July 2000
WOW!  Cinema
"The Dougray Scott Interview"
by Paul Byrne

TAKING THE HIGH ROAD

He may be in the year's biggest blockbuster, but Dougray Scott isn't interested in becoming a star. All he's interested in is "playing interesting characters in good films".

Having made a fine impression in the otherwise reprehensible Twin Town, Dougray Scott has been slowly moving his way up the Hollywood ladder ever since. Not that the somewhat dashing young Scottish actor is exactly biting at the bit for fame and fortune. After he made his American big-budget breakthrough with Ever After - playing Prince Charming to Drew Barrymore's Cinderella - he turned down offers from the US studios to take part in the low-budget English romantic comedy, This Year's Love. A walk-on part as one of Nicolas Cage's henchmen in John Woo's Face/Off has now led the acclaimed Hong Kong action director to put the 35-year old actor forward as Tom Cruise 's nemesis in Mission: Impossible 2.

PAUL BYRNE: I think we can say that you've pretty much arrived in Hollywood now, playing the baddie in a Tom Cruise movie. Has Hollywood opened up its arms now and welcomed you into its bosoms and its homes?

DOUGRAY SCOTT: "Absolutely, I get invites all the time from all these big producers, saying, 'Come and stay in my house; we love you!'. I have been asked to go and do lots of movies there, which is very flattering, but I don
't always want to do that. I'm very happy staying here. One studio head said to me, 'You really should move over here', and I said, 'Why?'. And he said, 'Well, you'd be closer to all the work and everything'. And I said, 'Well, you're asking me to do the work now, and I don't live here'. And he said, 'Well, I'd be able to see you, have dinner.'. And basically what they want is to justify why so many of them live there. You don't really have to live there in order to make movies. You do feel there's a kind of pull, and as you get more and more well-known with a movie like Mission: Impossible, more and more scripts come in and they offer you loads of money. But at the end of the day, all I'm interested in doing is playing interesting characters in good films. And I'll continue to have that philosophy, otherwise my interest in acting will dry up pretty quickly. So, I'm not going to be swayed or flattered into doing films just for the sake of it."

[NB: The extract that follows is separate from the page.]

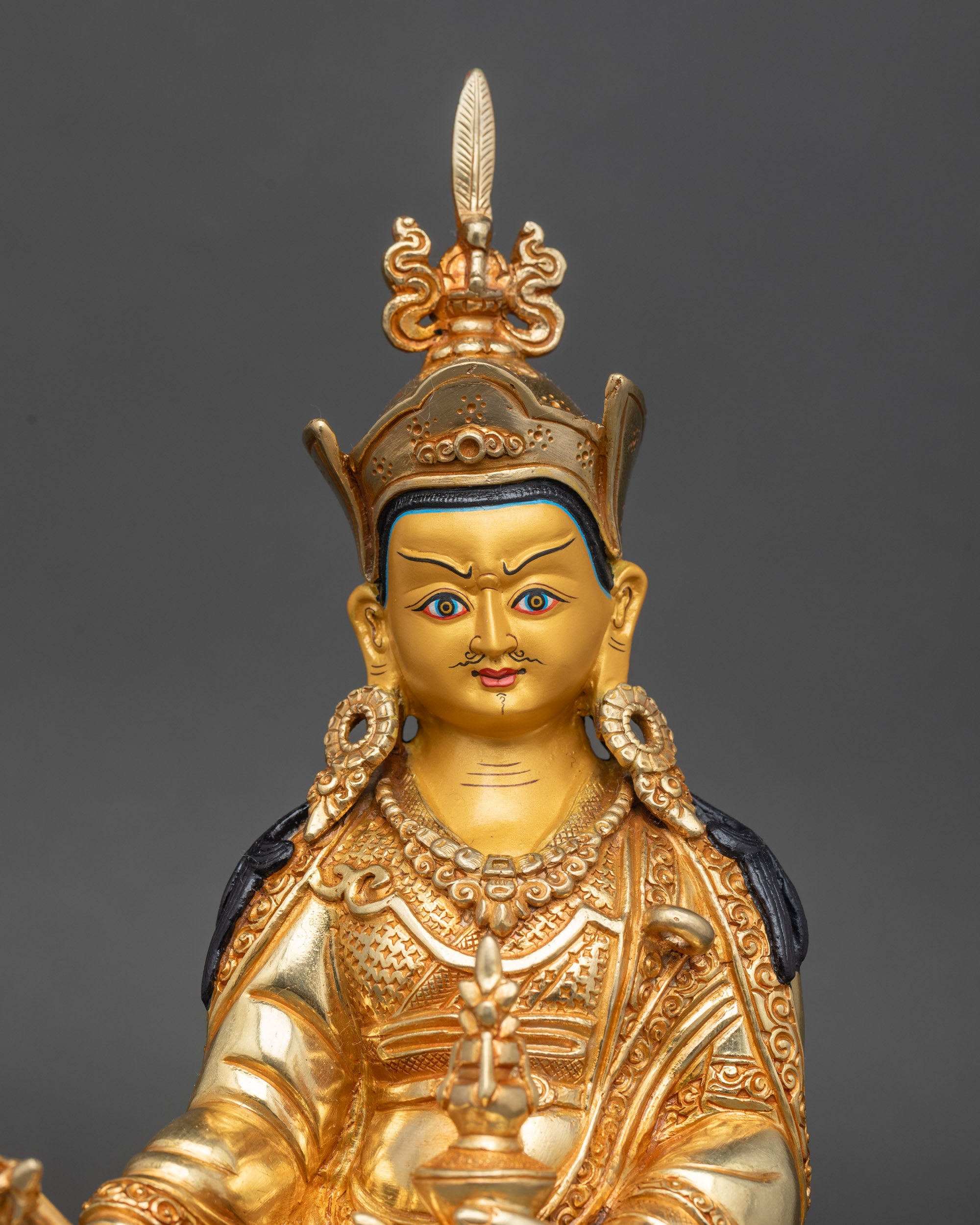 Close-up of Guru Rinpoche gold-painted face showing serene expression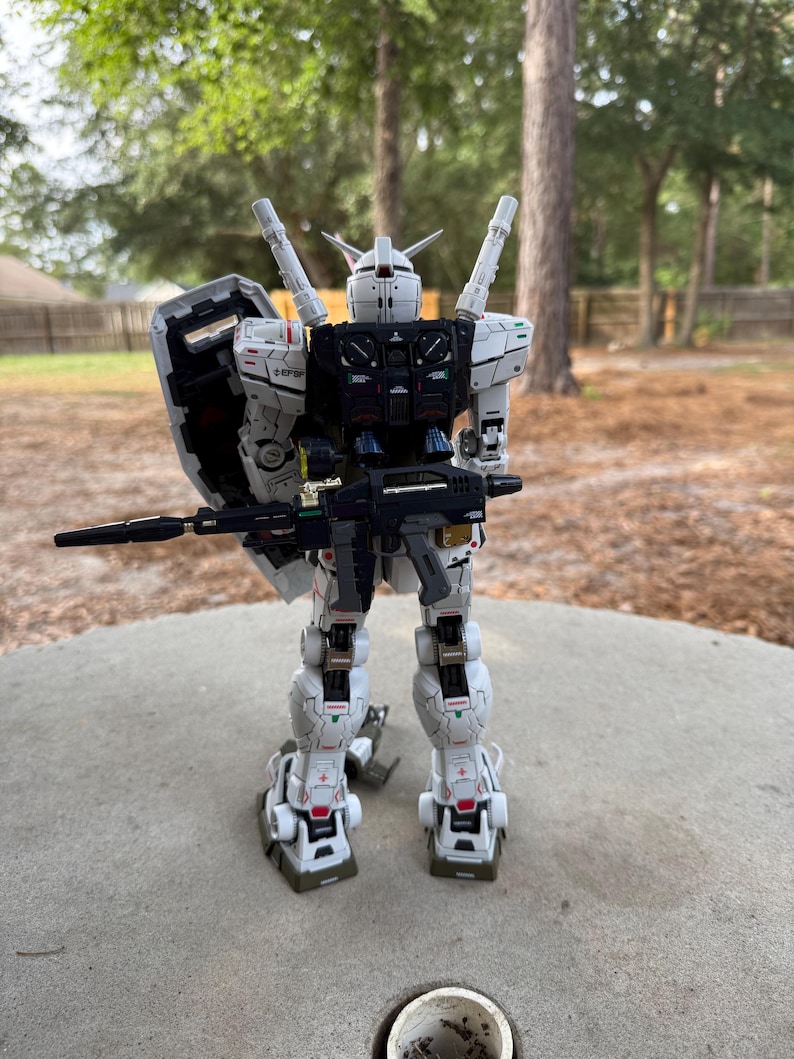 May include: A detailed white and black model robot with a shield and a rifle. The robot has red and green accents and is standing on a concrete surface. The background is a blurred view of trees and a house.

PB: Woo and Cruise didn't bother with a screen test, which must have been a nice ego boost.

DS: "Yeah, I think they had run out of tape during the auditions, so they couldn't screen test me. Yeah, they'd seen Twin Town, Ever After, they'd seen Regeneration too, and a screen test I'd done for another American film. I think they were looking for someone who was really very versatile, who could be bad as well as charming, and who could bring different aspects to the character. Because that was the whole idea about my character, Ambrose; he was a man of many parts, and had an ability to play other people - i.e. Ethan Hunt - as well as the emotional side of him that we all wanted to introduce, to make him emotional and vulnerable. Someone who was capable of falling unashamedly in love, and being romantic with someone, but could also turn like that, and be lethal and dangerous."

PB: I would imagine it's very difficult in a movie of this scale to have the assurance that you can bring some sort of depth to your character, that you wouldn't end up being just a cardboard baddie.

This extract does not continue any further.